We now have many options for archiving data sets online:
Dryad, KNB, Ecological Archives, Ecology Data Papers, Ecological Data, etc.
However, these portals largely do not communicate with one another as far as I know, and there is no way to search over all data set sources, again, as far as I know. So, I wonder if it would ease finding of all these different data sets to get these different sites to get their data sets cloned on a site like Infochimps, or have links from Infochimps. Infochimps already has APIs (and there’s an R wrapper for the Infochimps API already set up here: http://cran.r-project.org/web/packages/infochimps/index.html by Drew Conway), and they have discussions set up there, etc.
Does it make sense to post data sets linked to published works on Infochimps? I think probably not know that I think about it. But perhaps it makes sense for other data sets, or subsets of data sets that are not linked with published works to be posted there as I know at least Dryad only accepts data sets linked with published papers.

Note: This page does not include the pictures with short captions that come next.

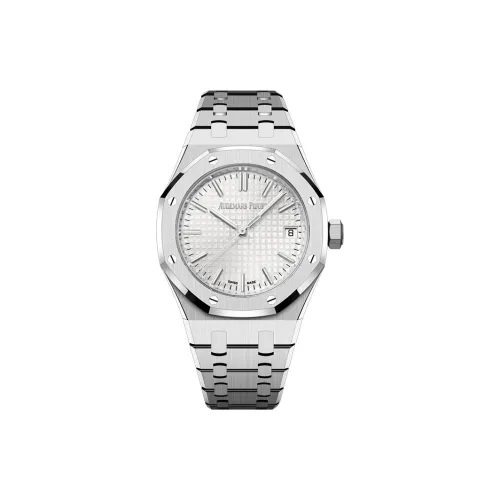 AUDEMARS PIGUET Автоматический Механический Movement Женские Часы из серии Royal Oak 37mm*37mm Серебряные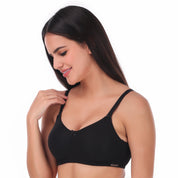 AMANTE BRA -BRA75301 Essential Comfort Non-Padded Non-Wired  Bra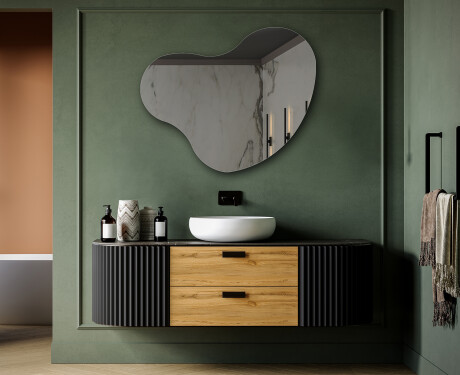 Nieregularne Lustro na wymiar L211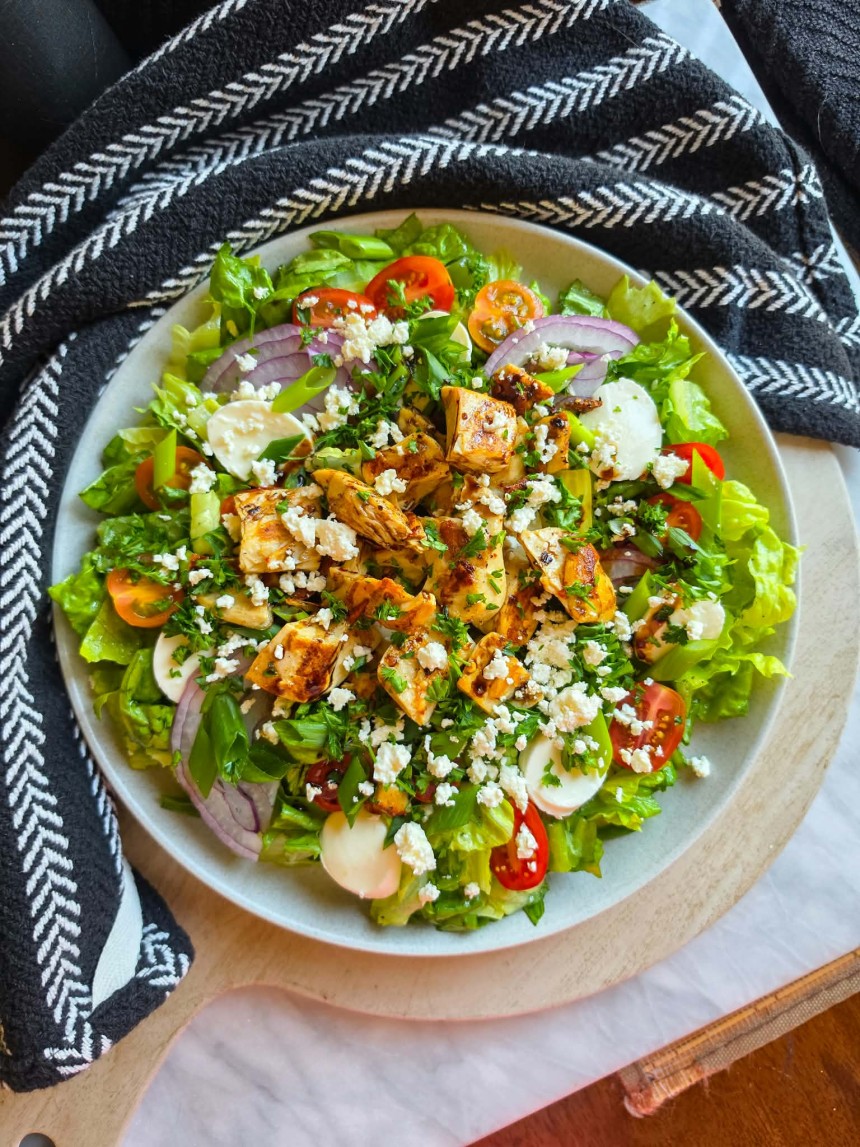 Beyond Meat Loaded Chik'n Salad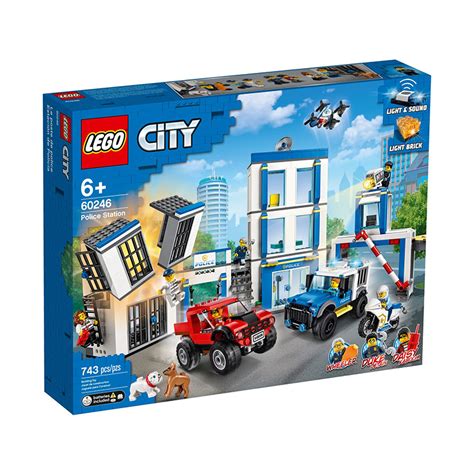 Hemos compilado 482 de los mejores juegos de carreras gratis en línea. LEGO City - Esquadra da Polícia 60246 - Autobrinca Online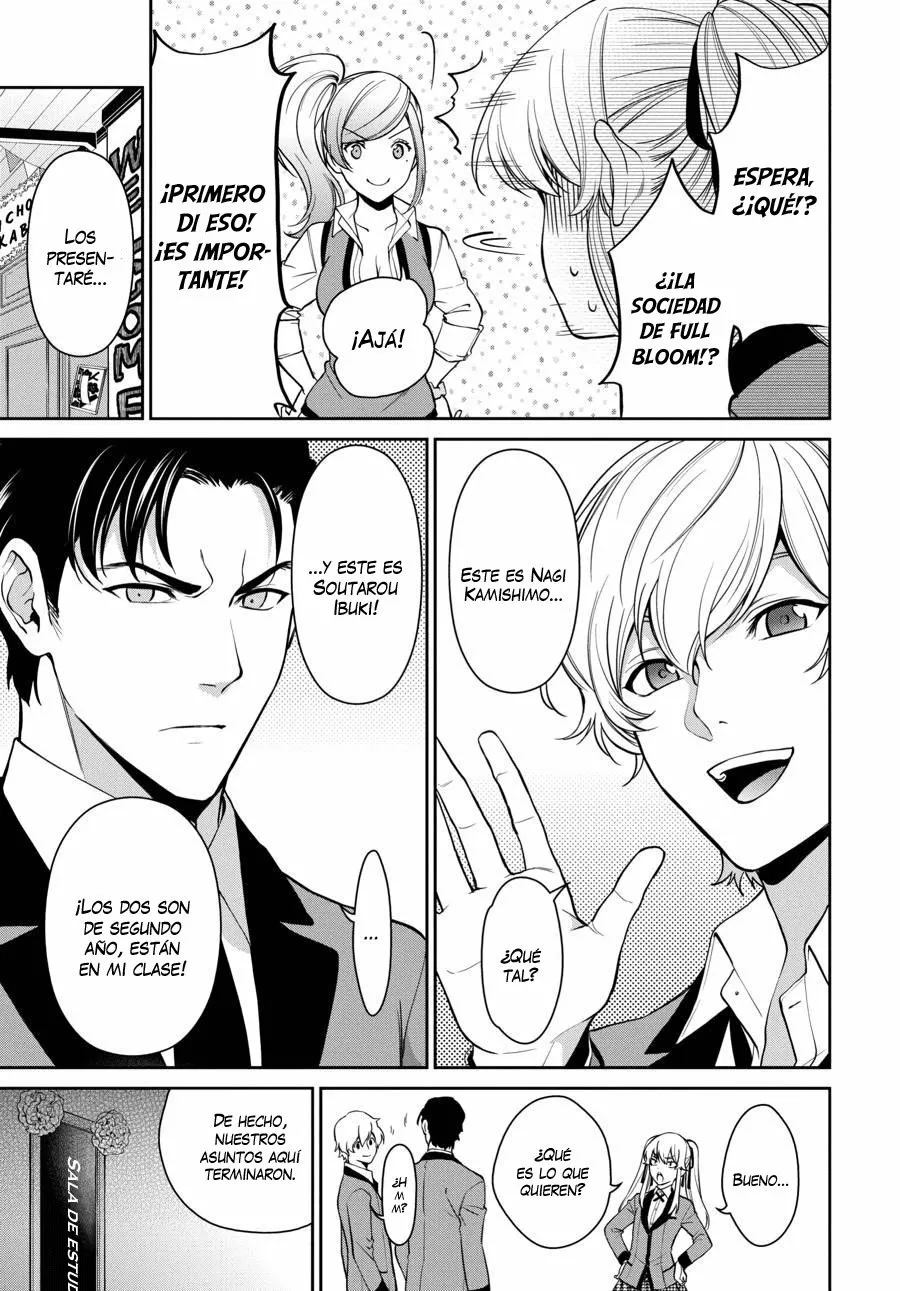 Kakegurui Twin Capítulo 40 - Page 16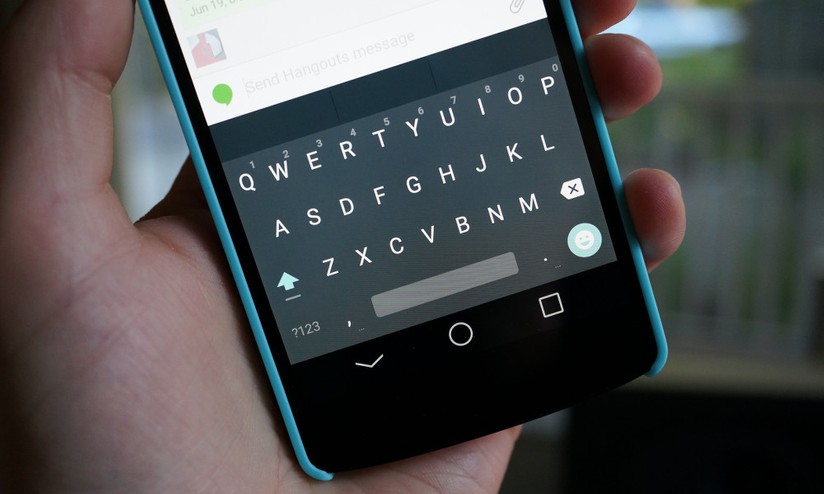 Detail Keyboard Android Nougat Nomer 2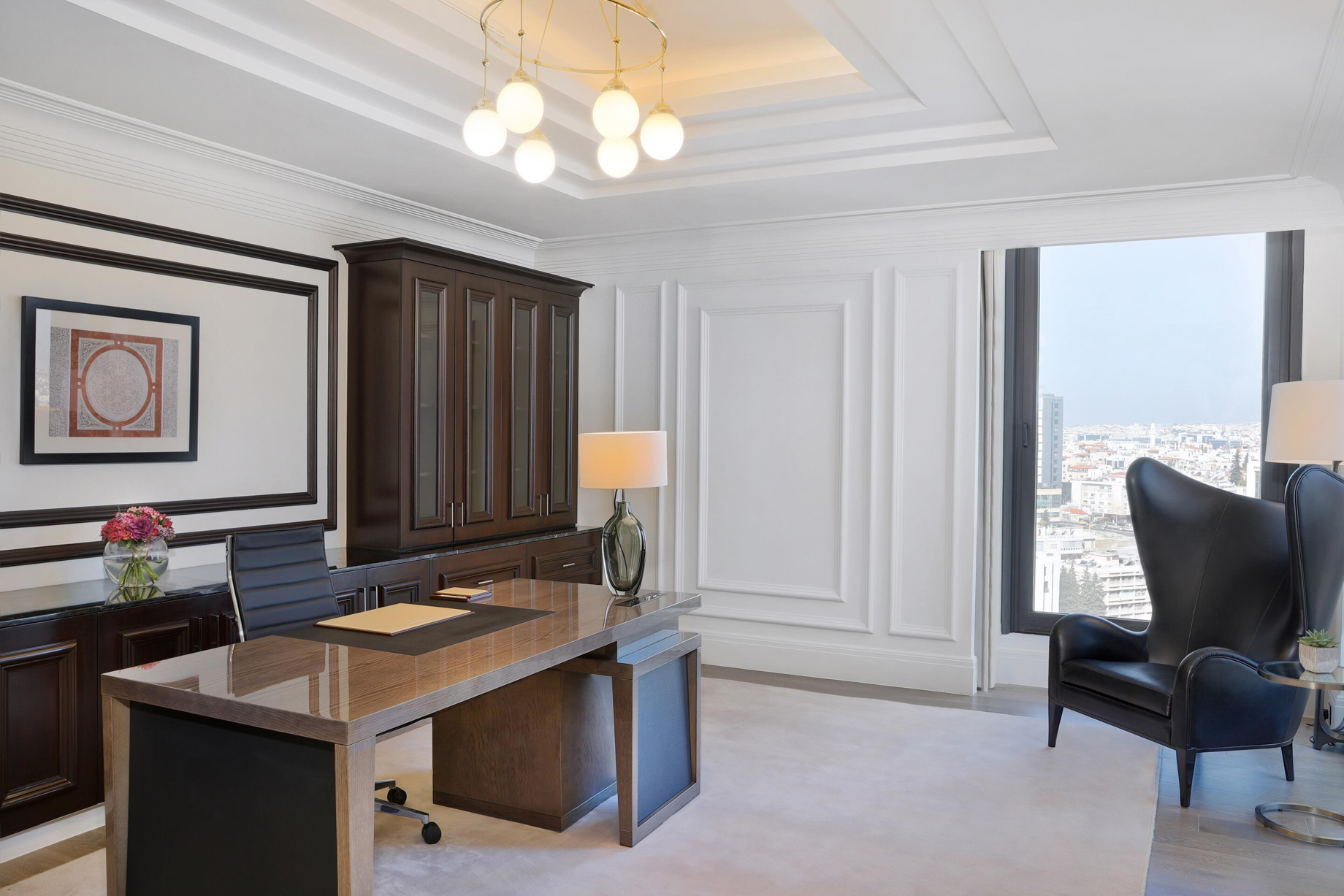 The St. Regis Amman Hotel – Amman, Jordan – Royal Suite Office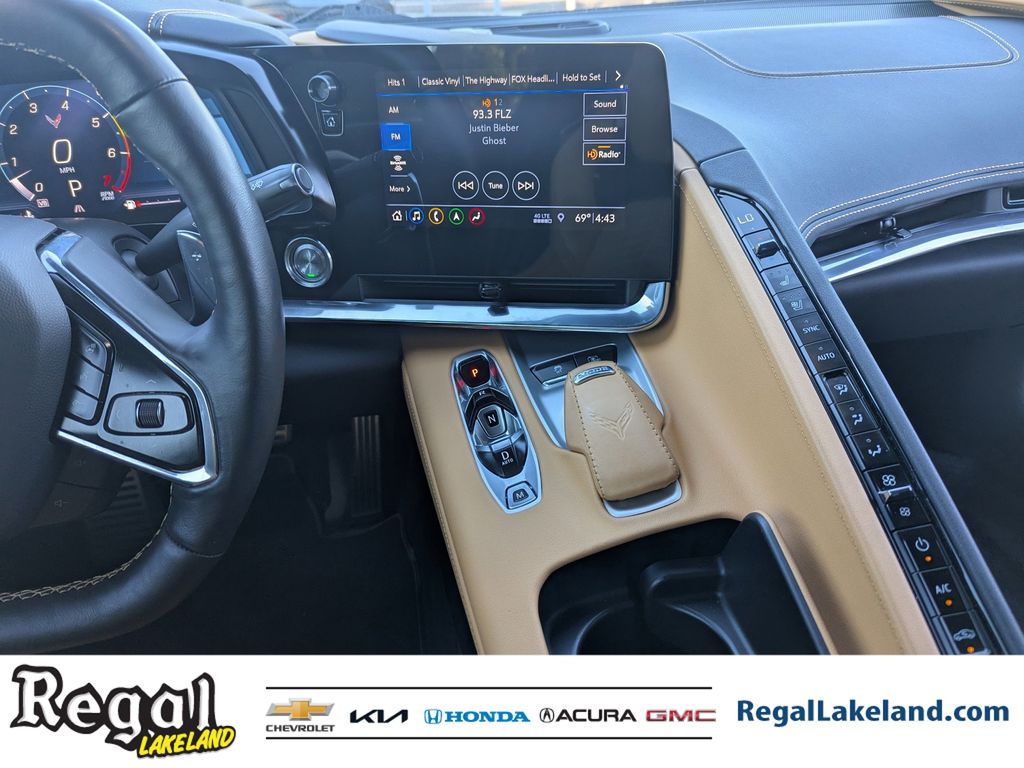 used 2020 Chevrolet Corvette car, priced at $60,592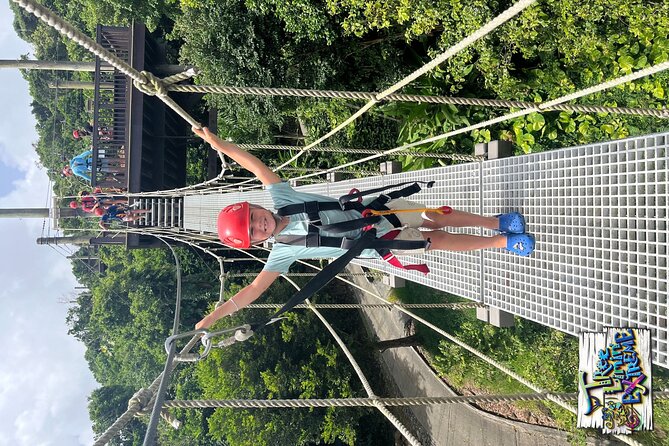 Tree Limin' Extreme Zipline - Physical requirements and who should skip it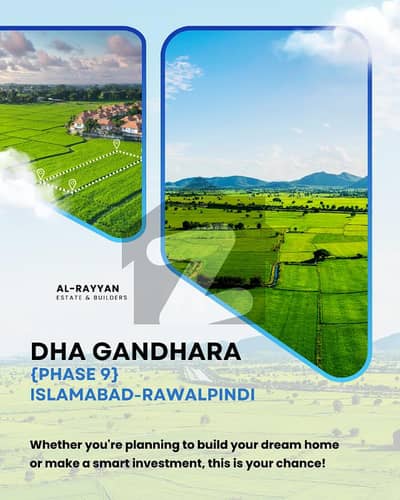 1 Kanal Plot File For Sale In DHA Gandhara (DHA Phase 9) Islamabad, Rawalpindi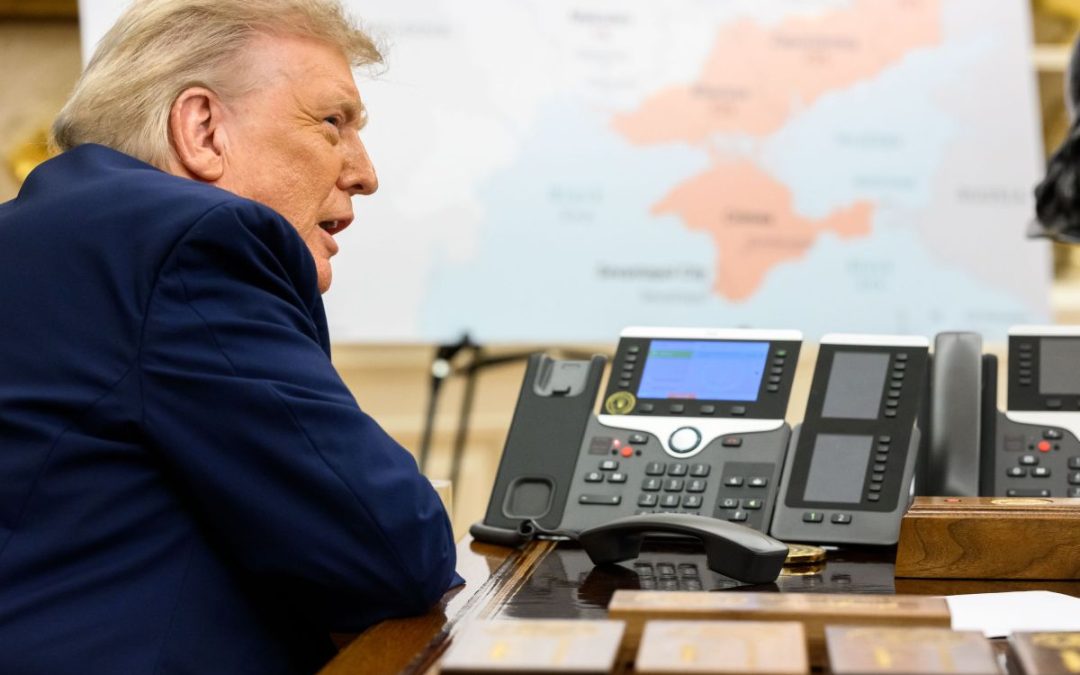 Ucraina, Trump “Impossibile vincere senza contrattaccare”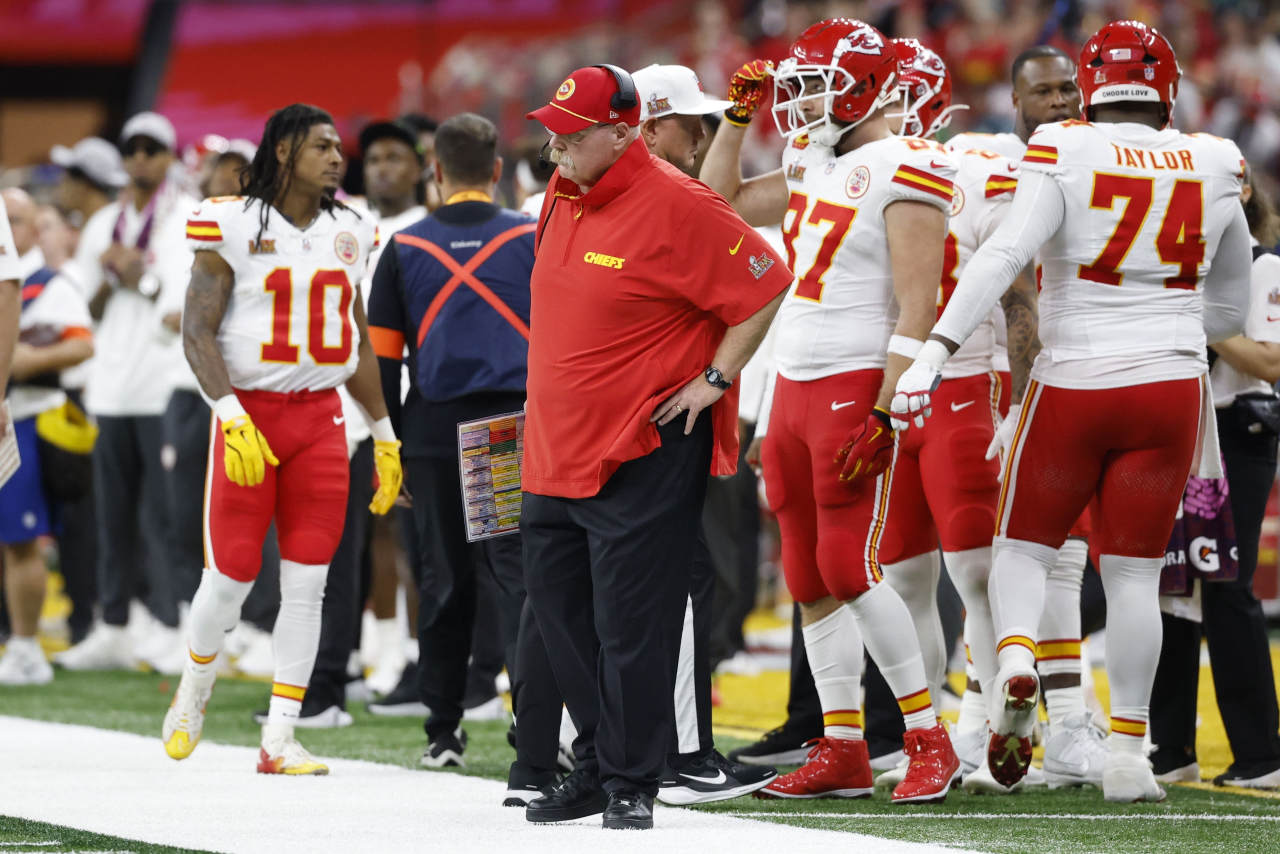 The Kansas City Chiefs Collapsed. But the Cracks Were Already Showing.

One use case is there was a tweet from someone recently that his students were excited about getting their data sets on their resume/CV, but didn’t think there was a way to put them any place where there wasn’t a precondition that the data set was linked with a published work. Seems like this could be a good opportunity to place these datasets on Infcohimps, and at least they are available then where a lot of people are searching for data sets, etc.
What I think would be ideal is if Dryad, KNB, etc. could link their datasets to Infochimps, where they could be found, then users can either get them from Infochimps, or perhaps you would have to go to the Dryad site, e.g. But at least you could search over all ecological data sets then.